Students in the biomedical science programs in SGS have the opportunity to take computational classes regardless of their specific discipline. This aligns with the goal of the NIH that each graduate program provides training opportunities in addition to their technical courses that equip trainees with quantitative/computational approaches.
Computational Biology Certificate (CBC) for Rutgers PhD Students
Program code 032 (12 credit certificate completed over 1-2 years)
Computational biology uses computer simulations, mathematical modeling and data analysis to understand biological systems and interactions. While computational biology is the used by many researchers in academia and industry, Ph.D. students are never systematically taught these skills and how to apply them to their research. The goal of this 12-credit Certificate is to train biomedical Ph.D. students in Computational Biology. Upon its successful completion of this degree, the Certificate will be added onto the transcript in addition to the Ph.D. degree.

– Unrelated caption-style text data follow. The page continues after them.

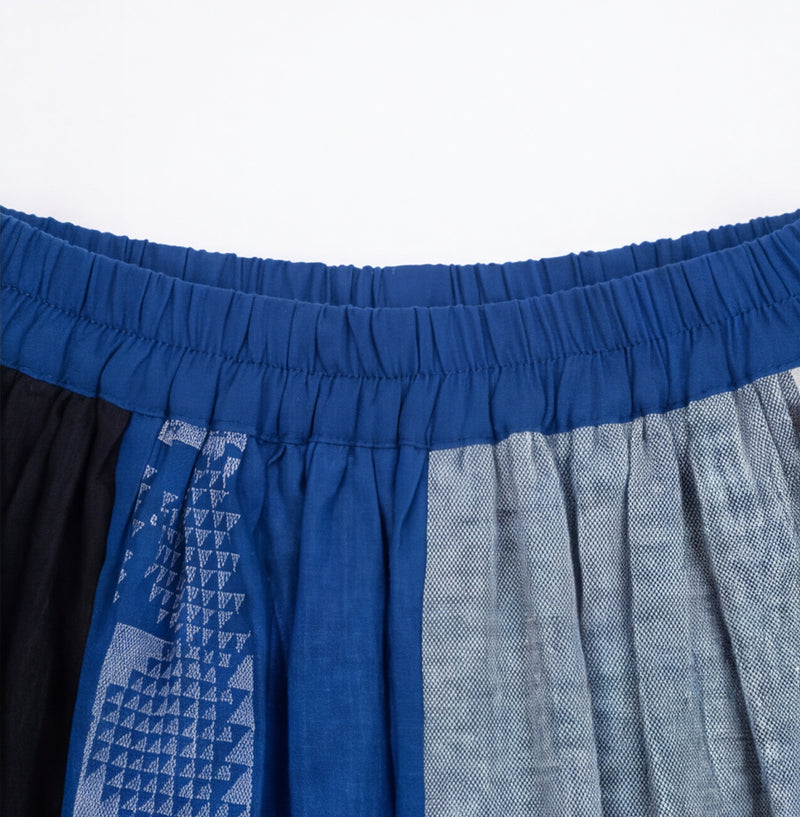 The Joy Skirt-Heritage Patchwork cotton skirt by World of Crow in multi-color for women Worldwide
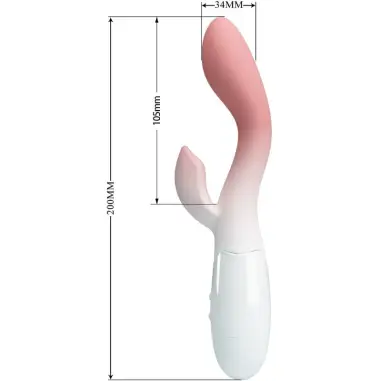 Brighty Vibrador Punto G + Estimulador Clítoris - 30 Modos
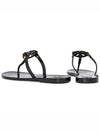 Miller Mini Flat Thong Flip Flop Black - TORY BURCH - BALAAN 7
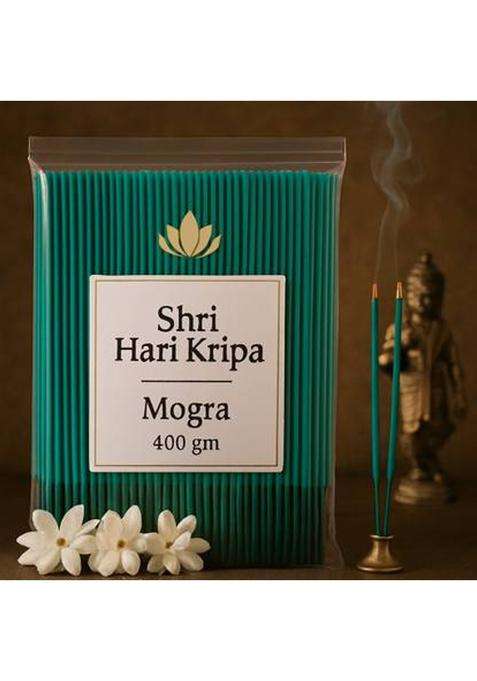 Shri Hari Kripa Premium Quality Mogra Incense Sticks (400 G Set Of 1)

Eligibility: PhD candidates in biomedical sciences affiliated with the following programs who are in their second year or higher of graduate school are eligible to apply for the certificates: Biochemistry, Biomedical Engineering, Cell and Developmental Biology, Chemical and Biochemical Engineering, Chemistry and Chemical Biology, Electrical Engineering, Endocrinology and Animal Biosciences, Exposure Science, Medicinal Chemistry, Microbial Biology, Microbiology and Molecular genetics, Neuroscience, Nursing, Nutritional Sciences, Pharmacology, Pharmaceutical Sciences, Physiology and Integrative Biology, Psychology, Public Health, Quantitative Biomedicine and Toxicology.
Approval must be obtained by the PI and the Program Director. The 12 credits from the certificate courses cannot be used towards the minimum research credit requirements or the course credit requirements for a student’s PhD program but can be part of the 72 credits they need to reach their total number of credits required for a PhD degree. Pre-requisites for the certificate include statistics and linear algebra. Applications will be open every summer and announced by email.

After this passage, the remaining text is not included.